As someone who’s spent the past six years working on one of these things, I’ve given the naming question a fair amount of, well, attention. Like most matters of literary taxonomy, what a book or bunch of books is called should depend upon the books themselves and how their author sees them. This of course leads to further questions: do the novels share a governing authorial style, formal characteristics or POV character (Mantel), or does the style and focus change (Durrell)? Is this really one large novel that was broken up (The Lord of the Rings or Marias’s Your Face Tomorrow), or separate novels squished together (2666)? Must the books be read sequentially or in order of publication, or can they be taken a la carte? Is a novel-sequence just a big old linked story collection, and a linked story collection just a little bitty novel-sequence? You see how this can get.
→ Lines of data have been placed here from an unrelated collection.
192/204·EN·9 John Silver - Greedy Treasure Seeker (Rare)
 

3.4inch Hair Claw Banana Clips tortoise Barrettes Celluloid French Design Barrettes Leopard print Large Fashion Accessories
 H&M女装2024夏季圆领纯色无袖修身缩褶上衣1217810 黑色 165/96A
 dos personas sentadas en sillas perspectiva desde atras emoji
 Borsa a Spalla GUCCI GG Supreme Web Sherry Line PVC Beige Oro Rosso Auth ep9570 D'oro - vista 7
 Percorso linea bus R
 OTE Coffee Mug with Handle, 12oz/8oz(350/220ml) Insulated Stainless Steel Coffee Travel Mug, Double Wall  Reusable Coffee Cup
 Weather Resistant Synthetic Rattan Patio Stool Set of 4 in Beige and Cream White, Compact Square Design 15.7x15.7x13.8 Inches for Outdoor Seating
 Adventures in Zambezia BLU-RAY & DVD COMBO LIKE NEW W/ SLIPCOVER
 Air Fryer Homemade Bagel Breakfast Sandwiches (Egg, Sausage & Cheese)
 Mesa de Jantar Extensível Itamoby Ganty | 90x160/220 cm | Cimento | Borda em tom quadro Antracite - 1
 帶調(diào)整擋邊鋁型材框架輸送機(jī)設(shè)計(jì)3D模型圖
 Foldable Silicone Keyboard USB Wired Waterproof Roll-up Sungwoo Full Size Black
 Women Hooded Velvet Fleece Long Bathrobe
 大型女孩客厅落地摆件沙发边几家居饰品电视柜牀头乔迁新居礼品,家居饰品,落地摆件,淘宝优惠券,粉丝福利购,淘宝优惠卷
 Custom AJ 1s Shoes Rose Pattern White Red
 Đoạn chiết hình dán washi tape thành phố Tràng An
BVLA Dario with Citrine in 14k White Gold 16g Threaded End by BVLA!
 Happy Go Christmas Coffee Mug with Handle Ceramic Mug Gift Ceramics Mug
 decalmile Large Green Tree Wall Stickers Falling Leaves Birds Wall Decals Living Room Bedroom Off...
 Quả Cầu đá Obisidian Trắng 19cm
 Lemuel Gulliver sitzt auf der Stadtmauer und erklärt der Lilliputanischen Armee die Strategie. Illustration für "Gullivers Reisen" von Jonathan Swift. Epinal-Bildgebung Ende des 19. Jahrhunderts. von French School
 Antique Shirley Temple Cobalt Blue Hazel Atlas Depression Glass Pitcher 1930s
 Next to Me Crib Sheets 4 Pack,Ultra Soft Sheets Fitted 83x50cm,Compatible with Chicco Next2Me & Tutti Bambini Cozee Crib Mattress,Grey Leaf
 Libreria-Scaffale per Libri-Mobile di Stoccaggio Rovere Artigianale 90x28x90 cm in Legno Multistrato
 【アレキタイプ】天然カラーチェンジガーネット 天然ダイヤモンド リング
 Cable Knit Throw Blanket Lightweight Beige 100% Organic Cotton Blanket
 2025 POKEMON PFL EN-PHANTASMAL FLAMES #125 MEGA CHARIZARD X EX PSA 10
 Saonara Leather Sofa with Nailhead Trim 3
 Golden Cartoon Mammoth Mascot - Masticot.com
It says something that I didn’t find my preferred term until I’d finished the second book of my project, and it says even more about the process of writing these sorts of books that the originator of the term didn’t land upon it until he’d written the seventh volume of his own.
Roman-fleuve, literally the river-novel, was coined in 1909 by Romain Rolland to describe his own big old novel-sequence, the ten-volume Jean-Christophe. Rolland sought to explain his project as expansive, composed of seemingly distinct branches radiating out from a greater, generously paced work, ultimately settling on the image of the river. The term stuck, particularly in reference to the novel’s diverging narratives: when Rolland was awarded the Nobel Prize for Literature in 1915, the Swedish Academy described it as “a series of independent narratives” which, when taken in total, spoke to the larger society and culture. While the roman-fleuve has its roots in the massive opuses of early 20th-century French literature, the richness and applicability of the metaphor belies its origins. The river implies expansiveness and connectivity, unity and digression, all at once. The river-novelist embraces John Berger’s statement (brilliantly deployed by Michael Ondaatje in In the Skin of a Lion) that, “Never again will a story be told as if it were the only one.” There’s much to love about the term, but more than anything I love that its meaning, like my life, is inseparable from moving water.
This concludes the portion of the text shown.